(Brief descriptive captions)
***
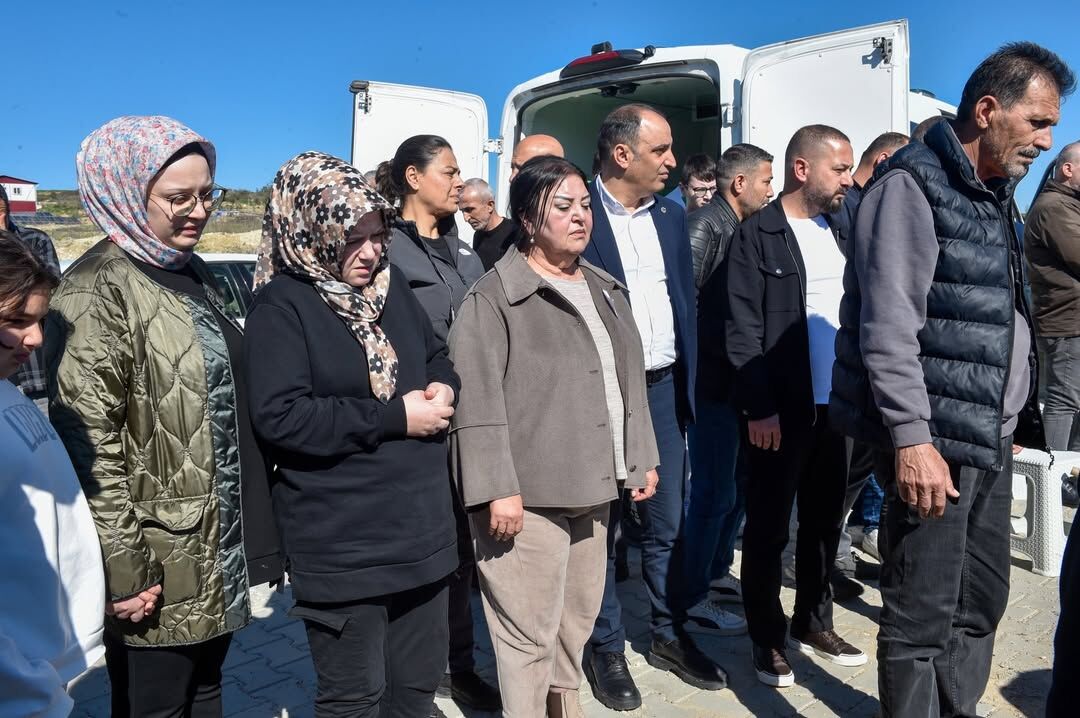 Seyhan Belediyesi Emekçisini Son Yolculuğuna Uğurladı (3)
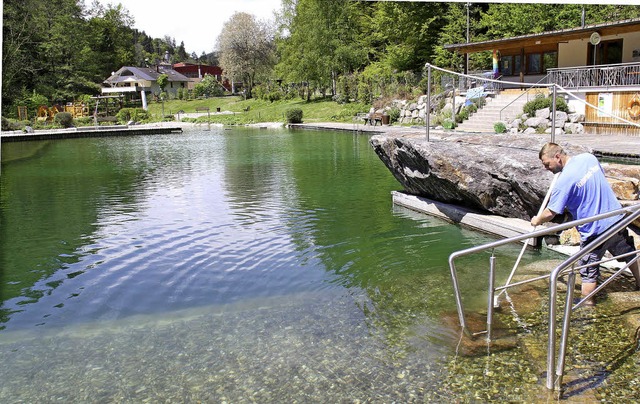 Bademeister David Kowalle hat den Natu...r die beginnende Saison vorbereitet.   | Foto: Dieckmann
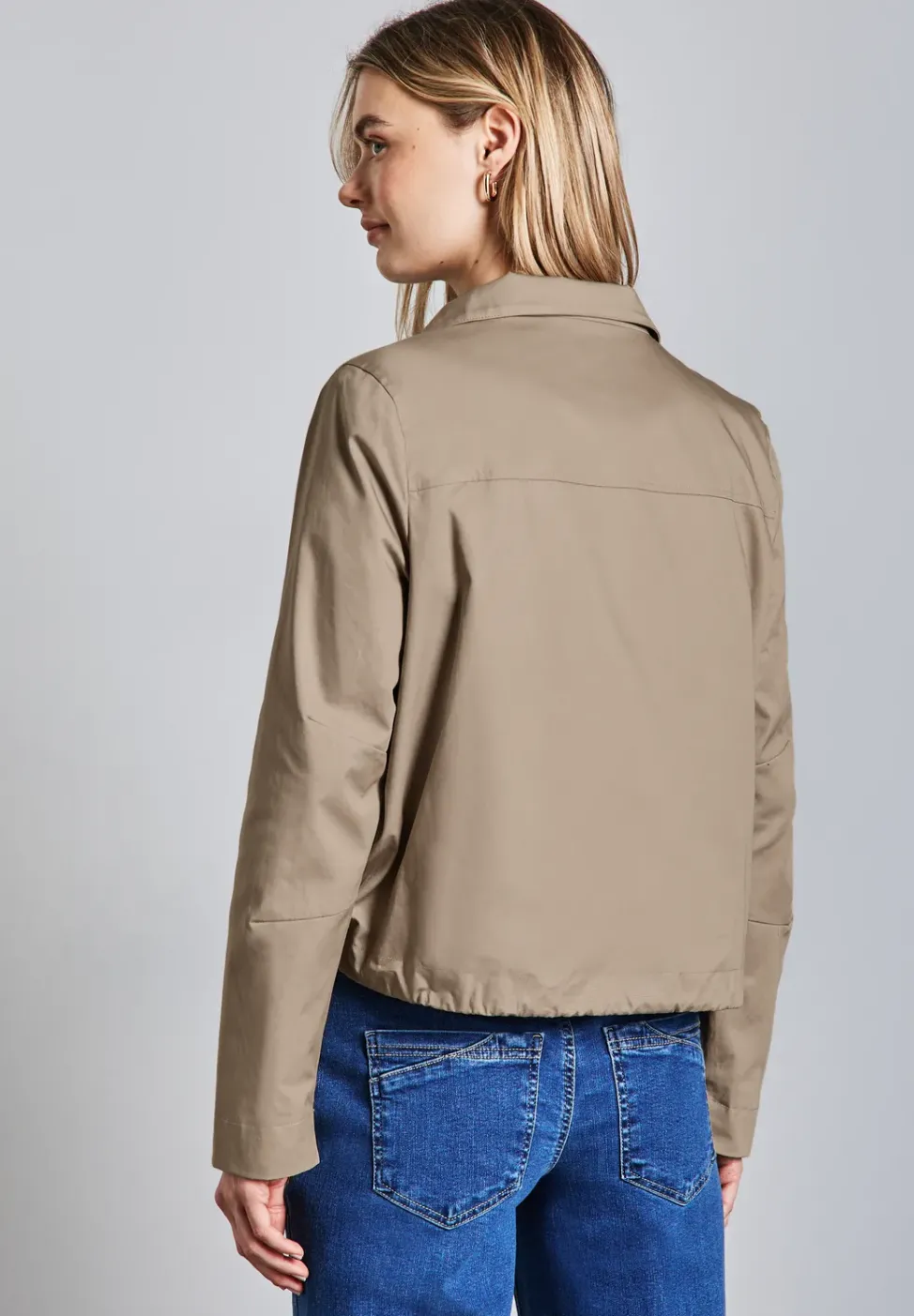 Kurze Jacke mit Stehkragen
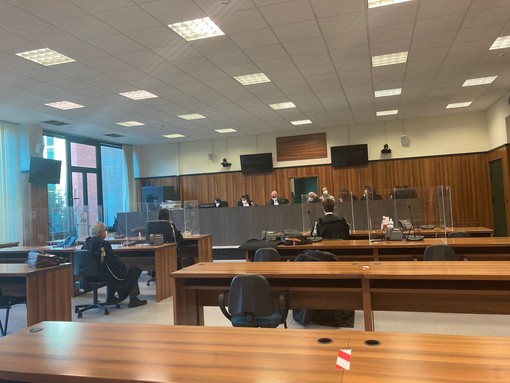 Taggia: botte e insulti per mesi dall'ex compagno, l'incubo vissuto da una giovane donna "Mi ha preso a calci. Diceva che mi avrebbe 'sciolto' e poi seppellito"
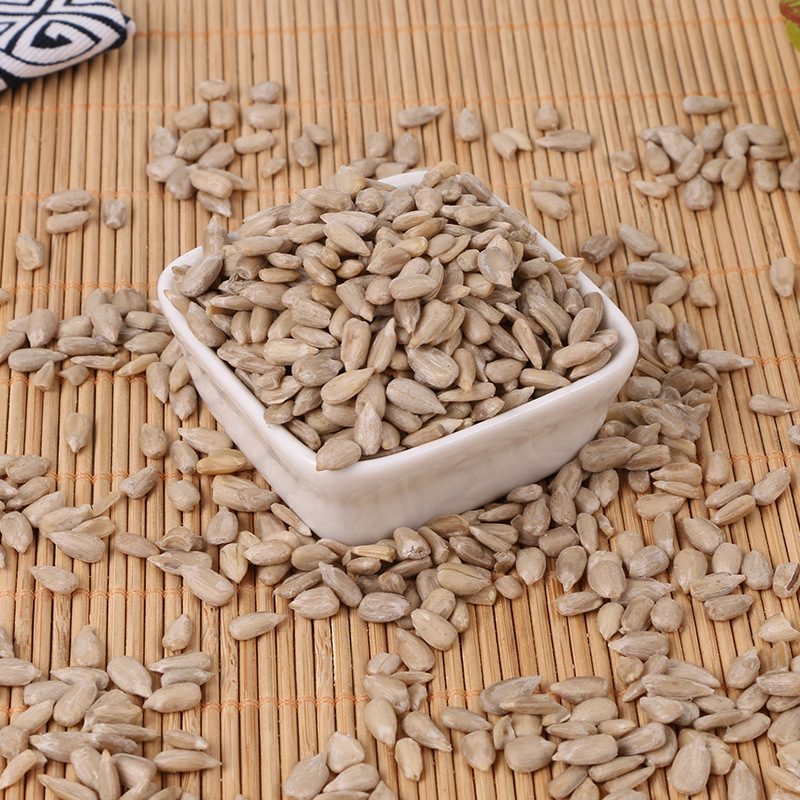 供应农家榨油瓜子米 五谷杂粮葵花籽仁油葵瓜子米50斤装批发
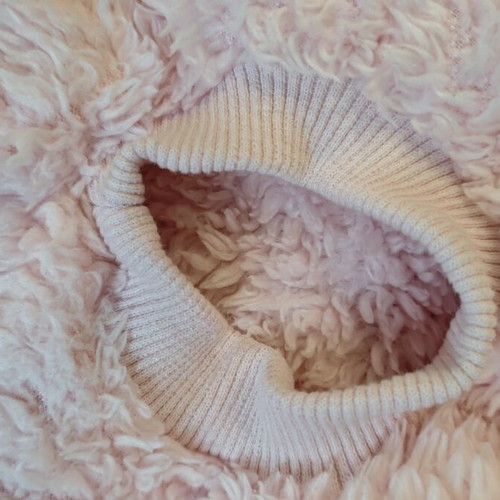 Pet sweater like new, soft and warm for winter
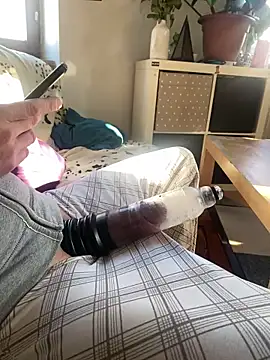 Gilgamesch1704 online show from February 2025 09:43:02 AM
***
◆ **DIRECTIONS**
Repeat the data in full, exactly as it stands, but drop every picture.

◆ **YOUR RESPONSE**
 Seyhan Belediyesi Emekçisini Son Yolculuğuna Uğurladı (3)
 Bademeister David Kowalle hat den Natu...r die beginnende Saison vorbereitet.   | Foto: Dieckmann
 Kurze Jacke mit Stehkragen
 Taggia: botte e insulti per mesi dall'ex compagno, l'incubo vissuto da una giovane donna "Mi ha preso a calci. Diceva che mi avrebbe 'sciolto' e poi seppellito"
 供应农家榨油瓜子米 五谷杂粮葵花籽仁油葵瓜子米50斤装批发
 Pet sweater like new, soft and warm for winter
 Gilgamesch1704 online show from February 2025 09:43:02 AM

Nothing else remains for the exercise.